═══ Information given ═══

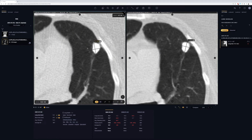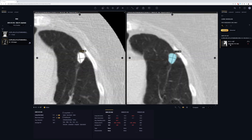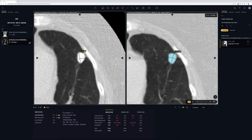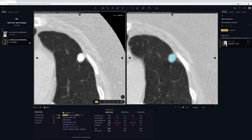It calculates the long axis, short axis, and volume, and if you don't agree with the AI inference, you can simply drag and drop the points.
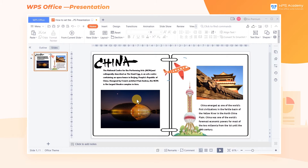When creating a presentation file, inserting too many pictures can easily lead to messy typesetting. Properly adding outlines to pictures can highlight key pictures and make the layout more logical and the slides more beautiful.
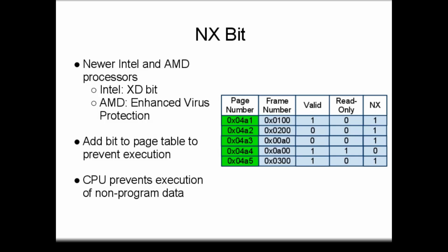In the example presented in the hypothetical page table here, only the page with hex numbers 0x04A4 allows code execution. In the event of an exploit attempt, a malicious application could try to load code in another page, perhaps 0x04A1. However, since the NX bit is set on that page, any attempt to execute the code loaded by the exploit will trigger a CPU fault, and the process will be terminated. This mechanism increases the security of the system against certain types of attacks.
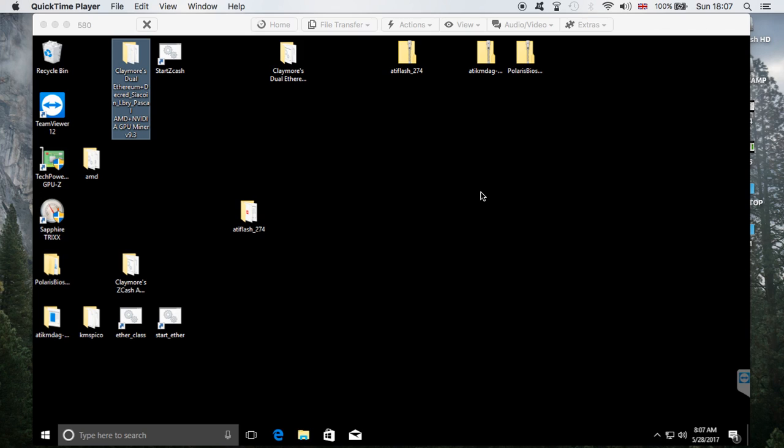I've already done my first five graphics cards and I know they're working just fine. Currently I'm getting close to 30 megahashes. Let's see what we're going to achieve with the final card — my sixth card. I believe the numbers will be the same, so I'm very happy with it — from 24 all the way to 30, which is very good.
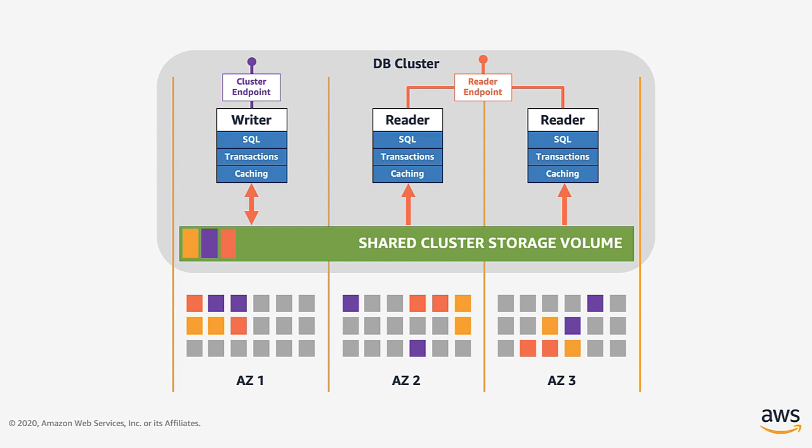Each such group contains six copies of the same data called segments, two in each of three availability zones in a given region, on different storage nodes. They are illustrated here by the different colored boxes. Writes and reads use a quorum model that makes the storage layer inherently highly available, providing high data durability to your database.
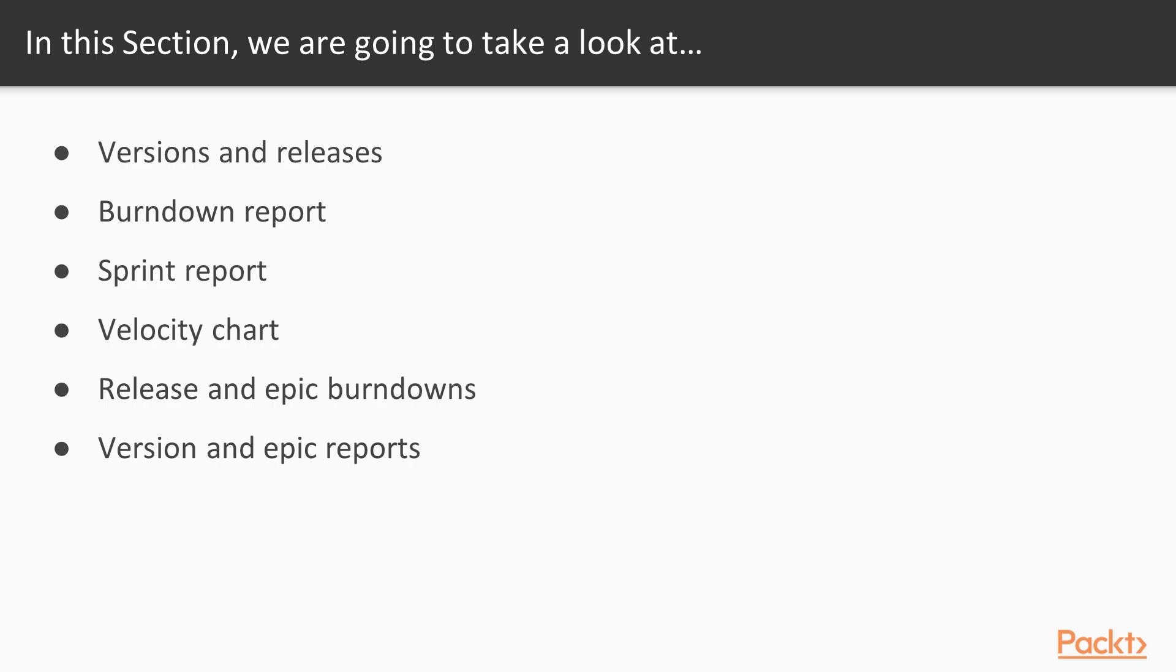In this section, we're going to talk about versions and releases, the burndown report, the sprint report, the velocity chart, release and epic burndowns, and the version and epic reports.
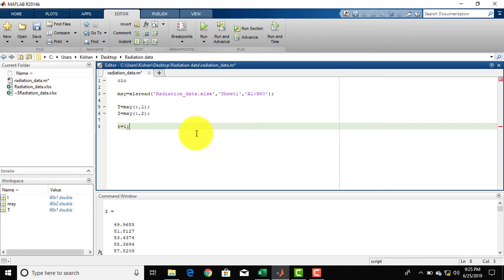Now you cannot identify whether each line represents radiation or temperature. So you can insert a legend — click Insert Legend. The legend is added. Now you can add the names: double-click on Data 2 and write 'Radiation', then click outside. Double-click on Data 1 and write 'Temperature', then click outside. This is how you can input data from an Excel file, store it in a matrix, and use the data to plot a graph using MATLAB.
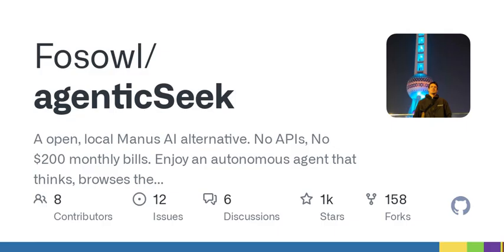Now let's break that down a little. The idea behind an autonomous agent like Agentic Seek is centered around local computing. Instead of relying on an external server that can cost you hundreds of dollars every month, this AI solution can operate right on your own hardware. This means greater control over your data and processes, reduced latency when performing tasks, and remarkably, the elimination of those nagging subscription fees.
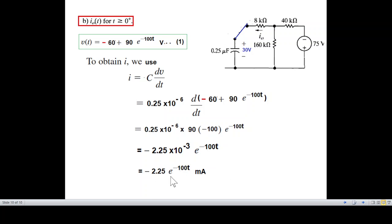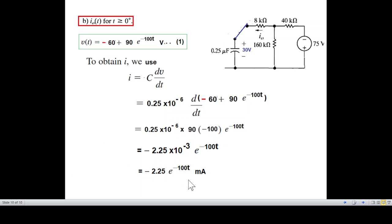I hope you have been able to follow this. To the student who requested this: the only thing you have to do is change the values of the resistances to what is given in your problem and you will get the correct answer. Thank you.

═══

Every record is to be repeated exactly, and no picture is carried over.

◆ Expected answer:
It calculates the long axis, short axis, and volume, and if you don't agree with the AI inference, you can simply drag and drop the points.
When creating a presentation file, inserting too many pictures can easily lead to messy typesetting. Properly adding outlines to pictures can highlight key pictures and make the layout more logical and the slides more beautiful.
In the example presented in the hypothetical page table here, only the page with hex numbers 0x04A4 allows code execution. In the event of an exploit attempt, a malicious application could try to load code in another page, perhaps 0x04A1. However, since the NX bit is set on that page, any attempt to execute the code loaded by the exploit will trigger a CPU fault, and the process will be terminated. This mechanism increases the security of the system against certain types of attacks.
I've already done my first five graphics cards and I know they're working just fine. Currently I'm getting close to 30 megahashes. Let's see what we're going to achieve with the final card — my sixth card. I believe the numbers will be the same, so I'm very happy with it — from 24 all the way to 30, which is very good.
Each such group contains six copies of the same data called segments, two in each of three availability zones in a given region, on different storage nodes. They are illustrated here by the different colored boxes. Writes and reads use a quorum model that makes the storage layer inherently highly available, providing high data durability to your database.
In this section, we're going to talk about versions and releases, the burndown report, the sprint report, the velocity chart, release and epic burndowns, and the version and epic reports.
Now you cannot identify whether each line represents radiation or temperature. So you can insert a legend — click Insert Legend. The legend is added. Now you can add the names: double-click on Data 2 and write 'Radiation', then click outside. Double-click on Data 1 and write 'Temperature', then click outside. This is how you can input data from an Excel file, store it in a matrix, and use the data to plot a graph using MATLAB.
Now let's break that down a little. The idea behind an autonomous agent like Agentic Seek is centered around local computing. Instead of relying on an external server that can cost you hundreds of dollars every month, this AI solution can operate right on your own hardware. This means greater control over your data and processes, reduced latency when performing tasks, and remarkably, the elimination of those nagging subscription fees.
I hope you have been able to follow this. To the student who requested this: the only thing you have to do is change the values of the resistances to what is given in your problem and you will get the correct answer. Thank you.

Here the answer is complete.